╭─ Data listing

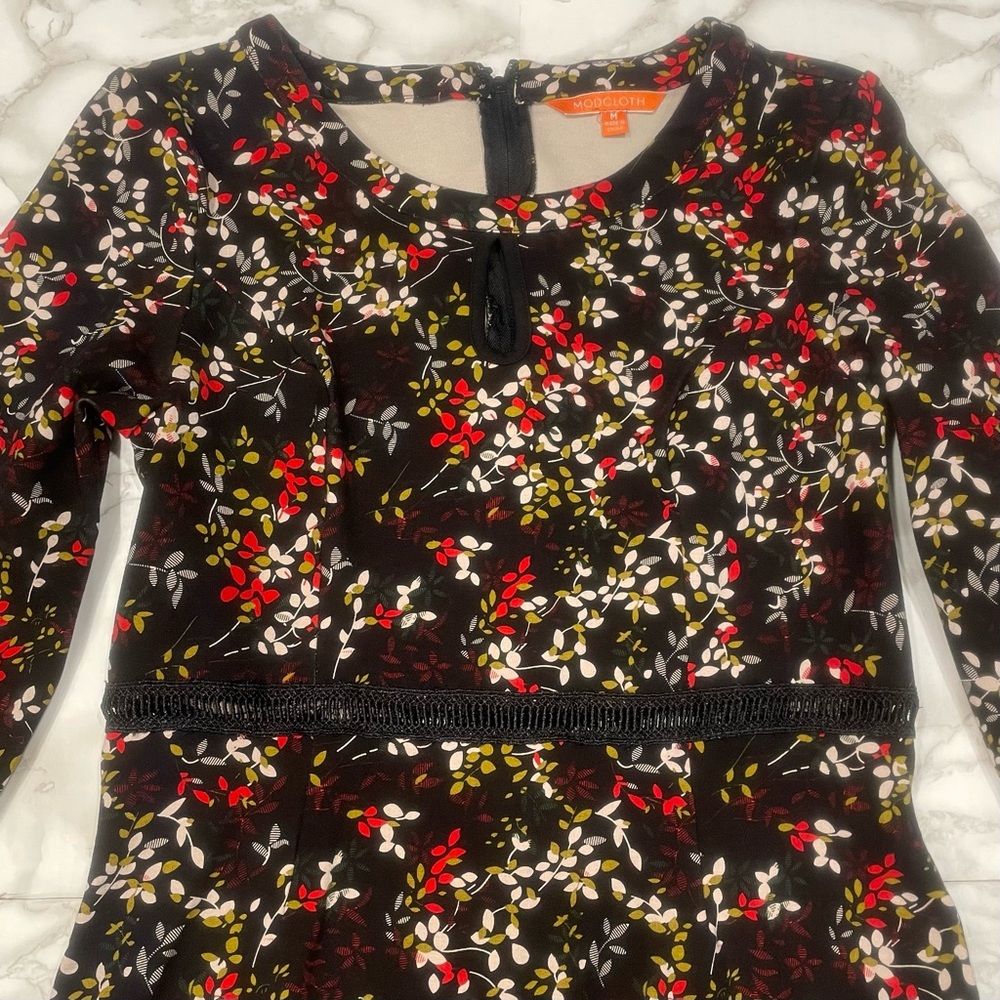 ModCloth Poised For Potential Holly Berry Holiday Dress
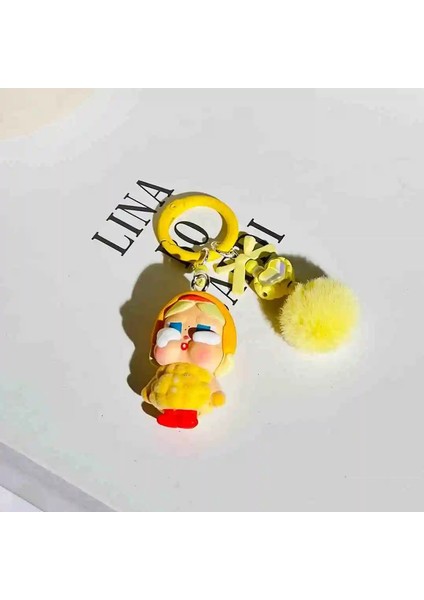 Yeni Varış Crybaby Againt Again Seri Serisi Kutu Vinil Yüz Bebek Figürü Kolye Bebek Çanta Dekor Anahtarlık Paskalya Oyuncak Hediyeleri Renk: Anahtar C 1pc/boyut: Orijinal Değil (Yurt Dışından)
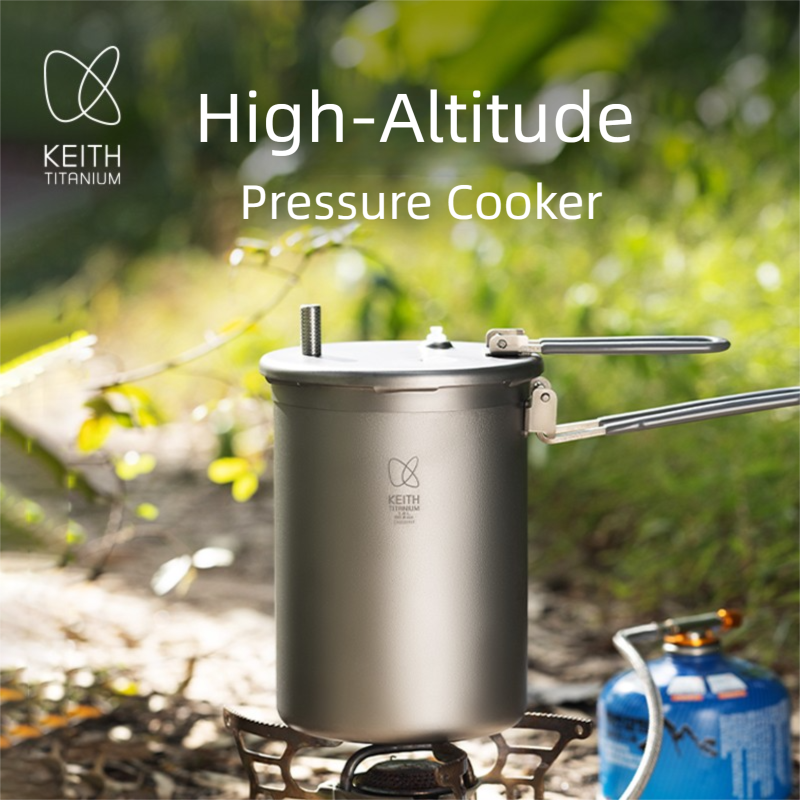 Outdoor Camping Games - Keith Pure Titanium Outdoor Pressure Cooker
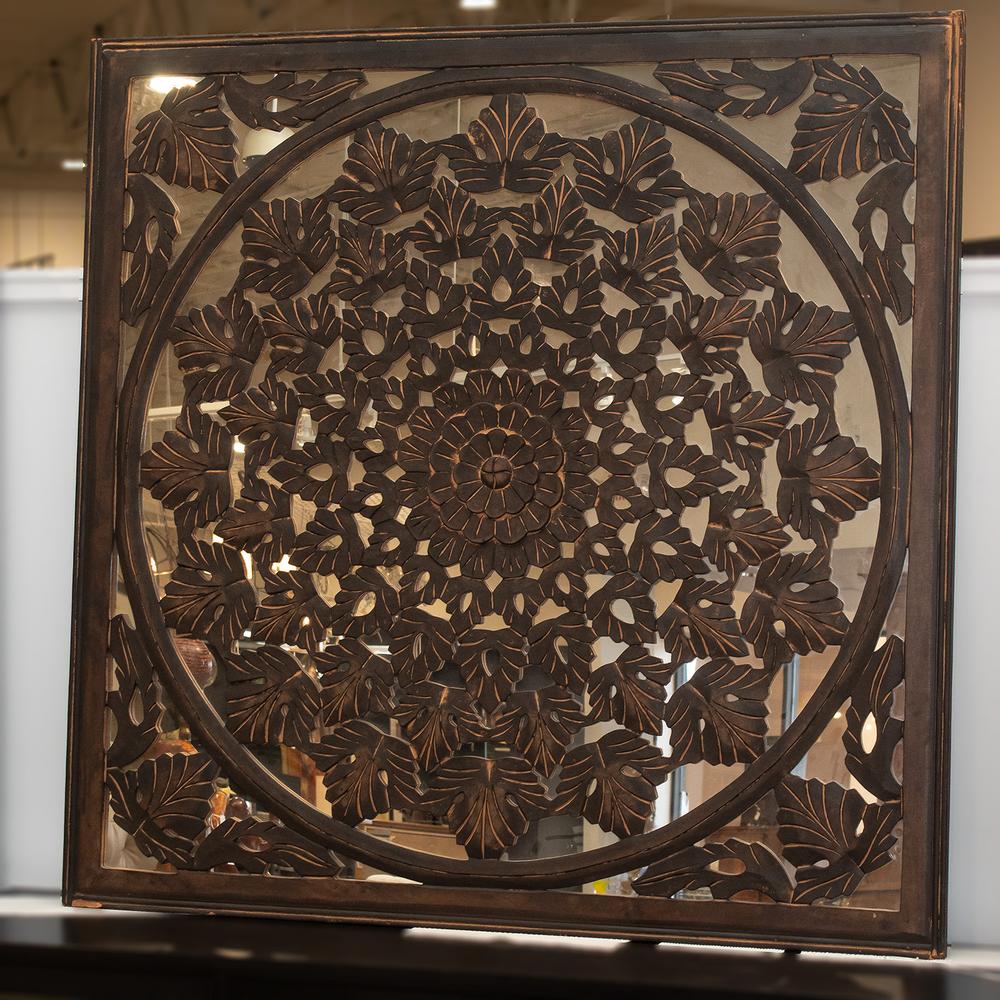 Carved Wood Accent Panel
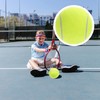 Totority 1Pc Inflatable Rubber Tennis Ball for Large Flannel Ball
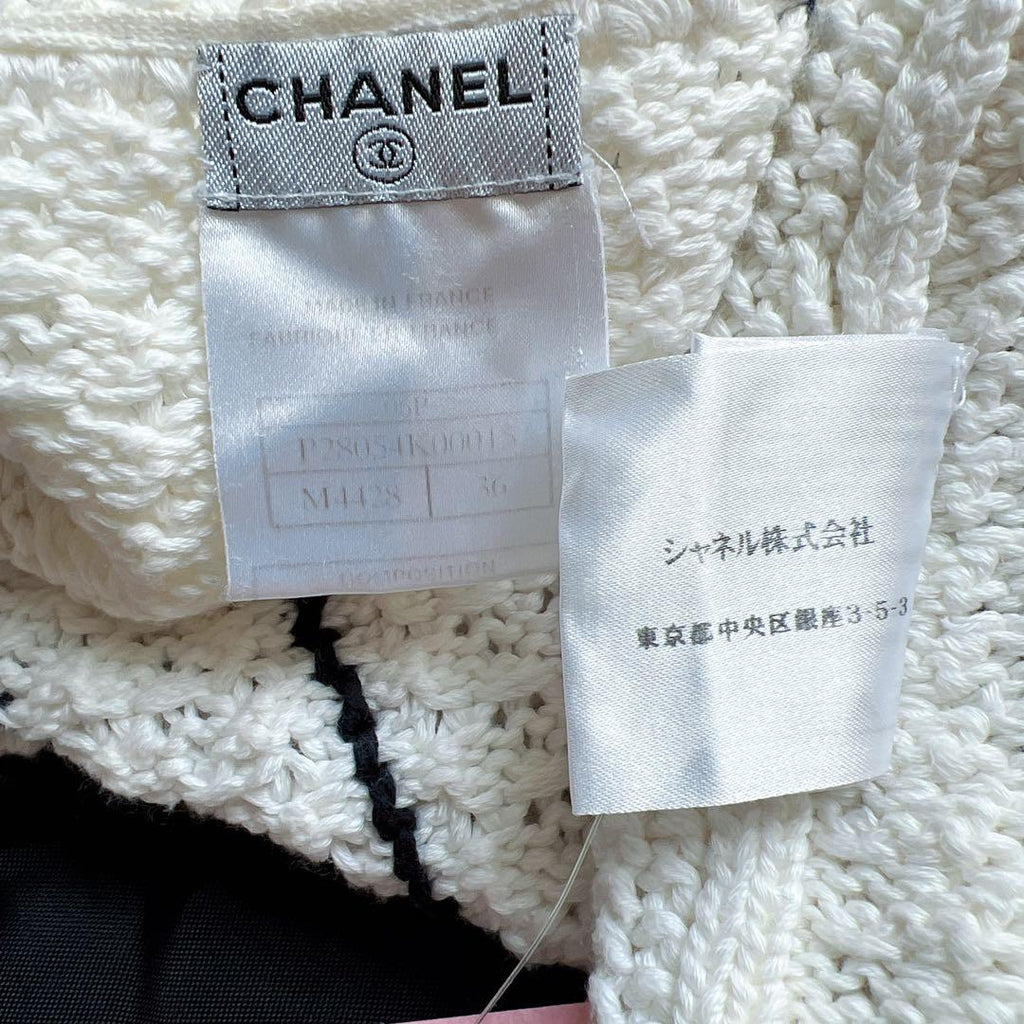 CHANEL Summer Knit Cotton Jacket
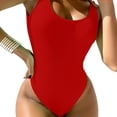 thumbnail image 1 of Toystoory Mono de mujer Traje de baño Verano sin espalda Traje de baño Ropa de playa Rosa L Traje de baño Rojo METRO, 1 of 6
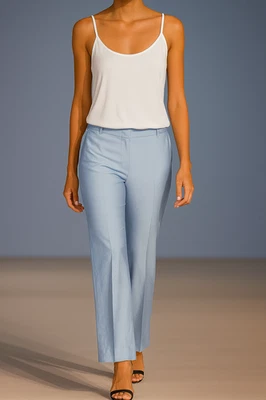 CALÇA SOCIAL RRP $160 BCBG MAX AZRIA CINZA BUSINESS 12 M última - Imagem 1 de 2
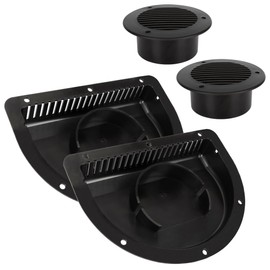 Lonffery RV Vent Covers for Trailer - Side Air Vents for ATV, Cycle, Truck, Cargo, Work Trailers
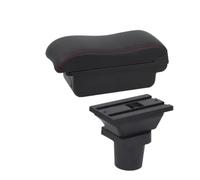 Per Mitsubishi Per Colt Z30 Scatola Portaoggetti Centrale Per Bracciolo Per Auto MTVTFECEWG(A2 red line No USB)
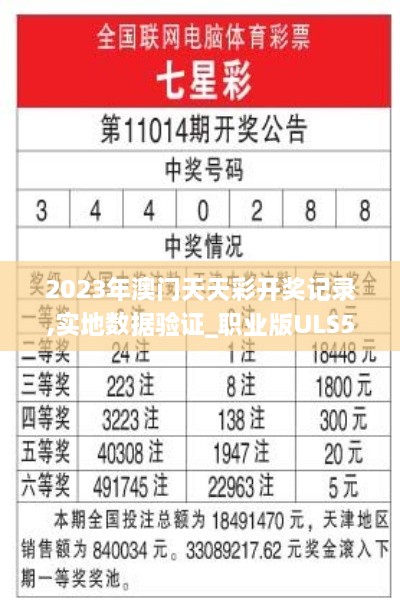 2023年澳门天天彩开奖记录,实地数据验证_职业版ULS56.627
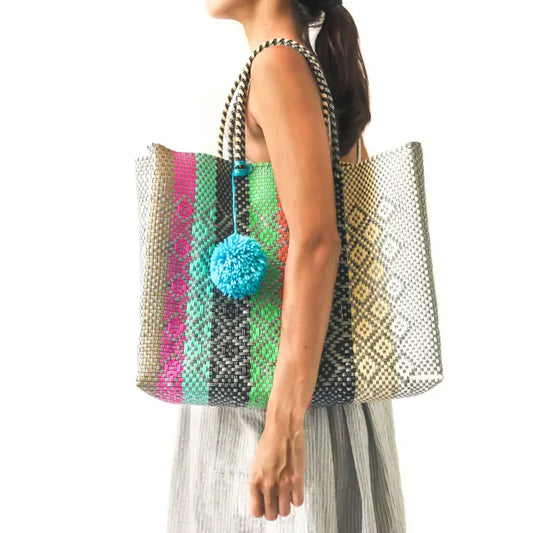 Maya Woven Super Tote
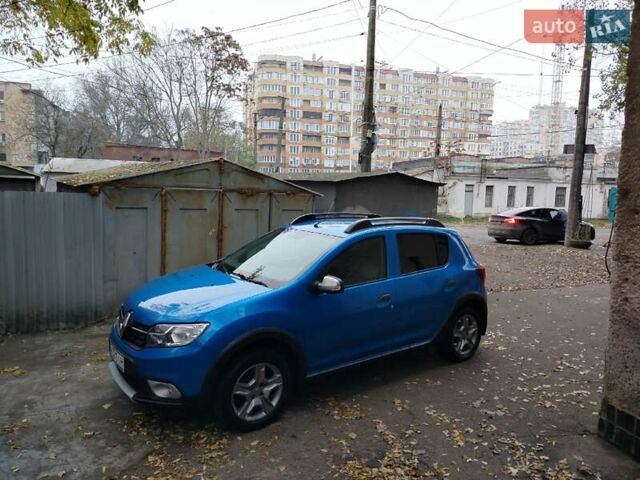 Синий Рено Сандеро СтэпВэй, объемом двигателя 0.9 л и пробегом 100 тыс. км за 8300 $, фото 13 на Automoto.ua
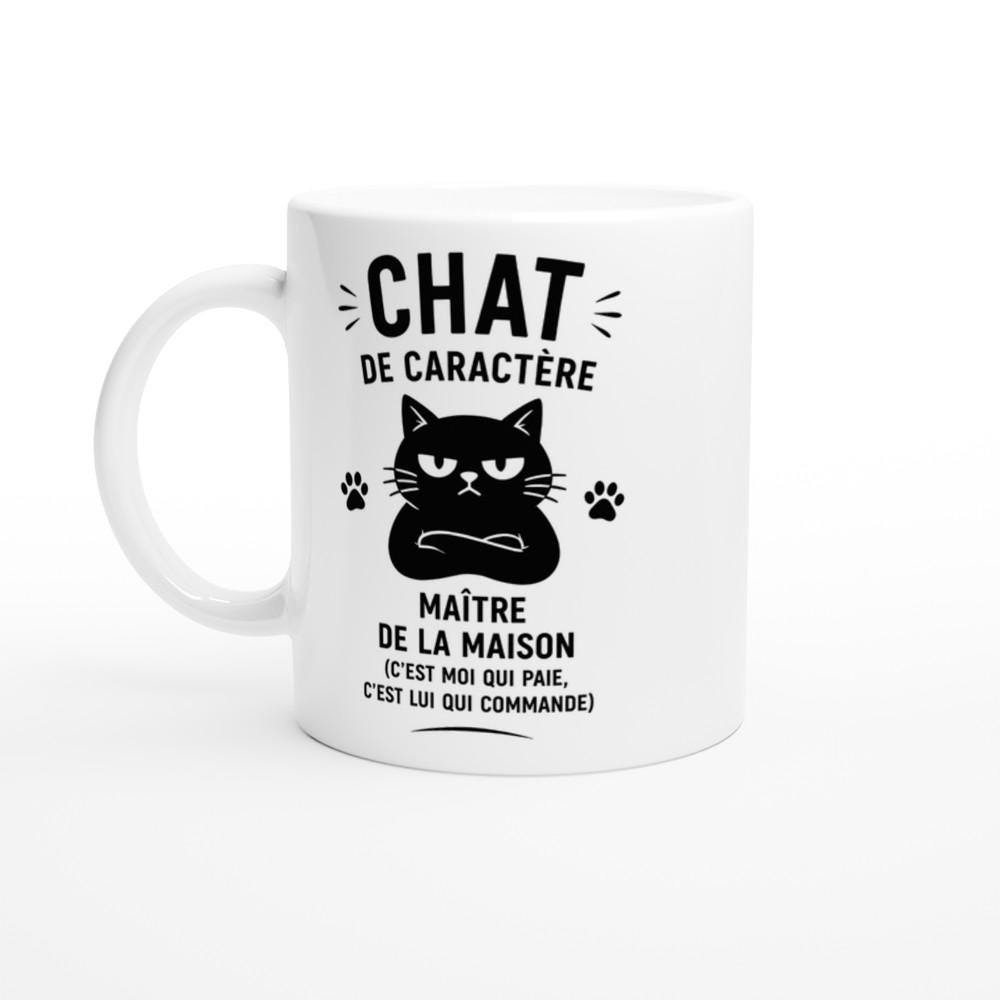 Mug Chat De Caractère Maître De La Maison C&rsquo;Est Lui Qui Commande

╰─

> _Instructions to follow_: A faithful, complete copy of the entries is required, without the pictures.

> _Task result_:
 ModCloth Poised For Potential Holly Berry Holiday Dress
 Yeni Varış Crybaby Againt Again Seri Serisi Kutu Vinil Yüz Bebek Figürü Kolye Bebek Çanta Dekor Anahtarlık Paskalya Oyuncak Hediyeleri Renk: Anahtar C 1pc/boyut: Orijinal Değil (Yurt Dışından)
 Outdoor Camping Games - Keith Pure Titanium Outdoor Pressure Cooker
 Carved Wood Accent Panel
 Totority 1Pc Inflatable Rubber Tennis Ball for Large Flannel Ball
 CHANEL Summer Knit Cotton Jacket
 thumbnail image 1 of Toystoory Mono de mujer Traje de baño Verano sin espalda Traje de baño Ropa de playa Rosa L Traje de baño Rojo METRO, 1 of 6
 CALÇA SOCIAL RRP $160 BCBG MAX AZRIA CINZA BUSINESS 12 M última - Imagem 1 de 2
 Lonffery RV Vent Covers for Trailer - Side Air Vents for ATV, Cycle, Truck, Cargo, Work Trailers
 Per Mitsubishi Per Colt Z30 Scatola Portaoggetti Centrale Per Bracciolo Per Auto MTVTFECEWG(A2 red line No USB)
 2023年澳门天天彩开奖记录,实地数据验证_职业版ULS56.627
 Maya Woven Super Tote
 Синий Рено Сандеро СтэпВэй, объемом двигателя 0.9 л и пробегом 100 тыс. км за 8300 $, фото 13 на Automoto.ua
 Mug Chat De Caractère Maître De La Maison C&rsquo;Est Lui Qui Commande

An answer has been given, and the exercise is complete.